Similarly, anything that is still under copyright must be stored in the on-prem data center and treated as sensitive data. Financial, contractual and human resources data, which fuel the library’s business processes. can exist in a SaaS environment or the library’s cloud, depending on the level of sensitivity, Conklin said.

“SaaS to me is the vendor. A vendor has said, ‘We will do the entire IT stack for you,’” she said. “That’s preferred. If it is financially feasible, if it’s not too expensive -- the option that they’re giving. We prefer that to get out of the hardware business,” she said. “If it is not being offered in a SaaS or it’s not financially feasible, then our next preference is a platform-as-a-service up there in the cloud and [to] have a cloud [Federal Risk and Authorization Management Program] vendor take some responsibility for parts of the IT stack, with us owning the responsibility of the application and the data.”

At the end of the month, the library will go live with a limited pilot of a new application for copyright called Recordation that resides in the cloud, and it’s readying the National Library Service for the Blind and Print Disabled collection of downloadable braille and audiobooks and magazines to move to the cloud soon.

The transformation project grew out of a need to revamp or replace the existing data center, which fell short of the library’s standards and requirements for heating, ventilation and air conditioning. On the scale of data center service performance, “we were barely making a Tier 1,” the lowest ranking, Conklin said. “It was going to be more money to fix that problem and stay here on Capitol Hill than go somewhere to a new data center. So, Congress decided to fund us for a new data center and hybrid hosting instead of giving us funding for fixing our tier problem.”

For the new data center, the library contracted with a facility that provides Tier 3 services and built its racks in that facility. In August 2018, the library awarded Accenture a $27.3 million contract to migrate its data center to new hosting environments.

Challenges that have come up in the modernization process include cleaning up technical debt and reducing shadow IT.

“I wish we could go faster and just be done with it, but it is very, very hard [after working] in a data center for so long and with so much storage and so much data. It’s time-consuming and takes a lot of energy and funding and resources,” Conklin said.

The effort will be worth it, Conklin said.
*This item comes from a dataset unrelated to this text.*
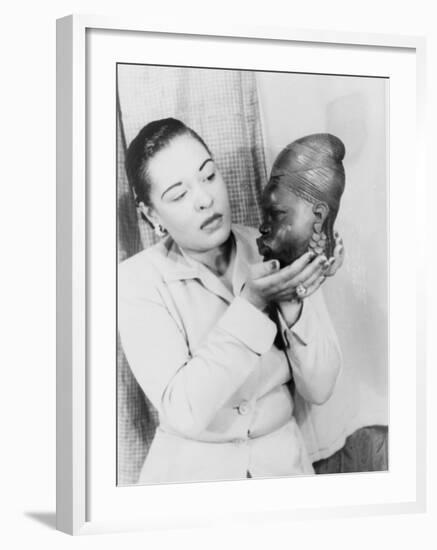 Billie Holiday, March 23, 1949-null-Framed Photo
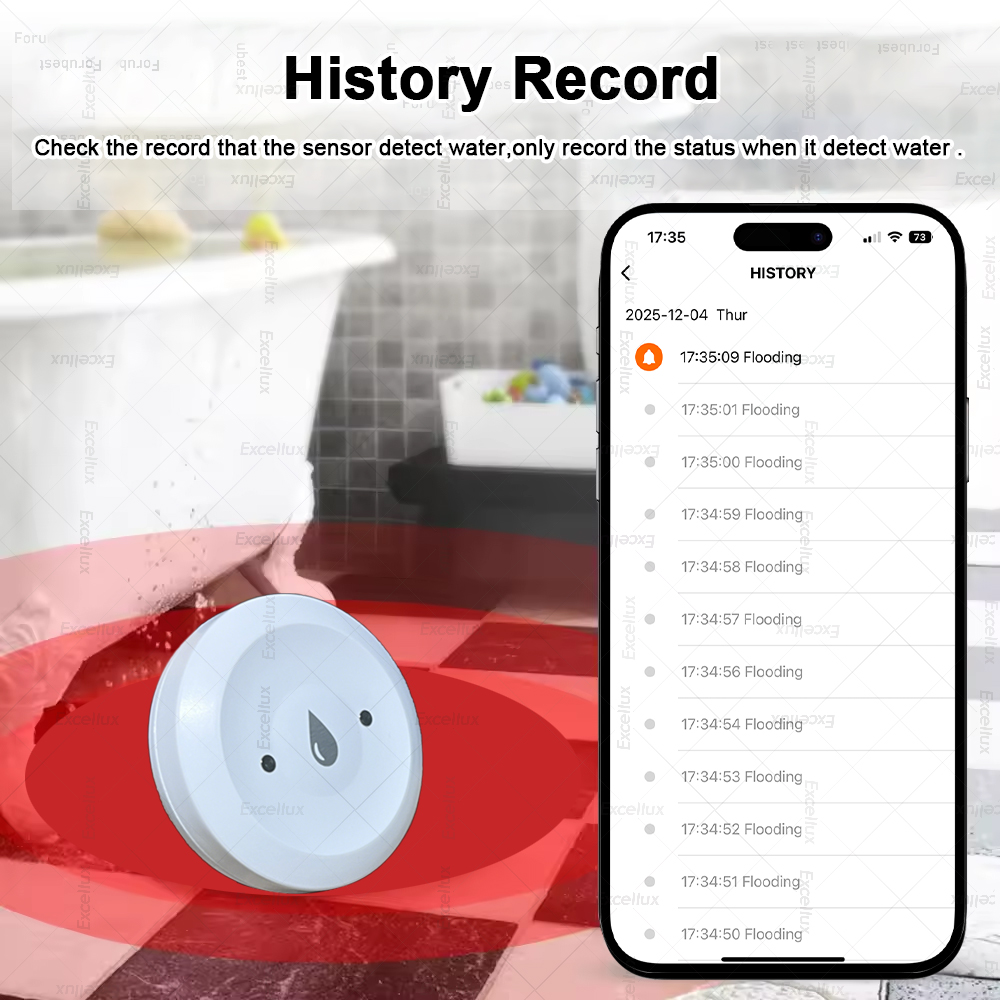 Detektor wody Zigbee czujnik w – Home Security Monitoring recenzja i cena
“One of the benefits is we get out of -- I don’t want to say 100% -- the hardware business, but the percentage goes significantly down, and hardware is expensive,” Conklin said. “Another benefit is we get to choose the best environment for the type of data. Another one is we can really scale when we need to. If we have a big public announcement that everyone wants to see … our cloud vendor can help us do that…. This gives us so many more options than just being solely on-prem.”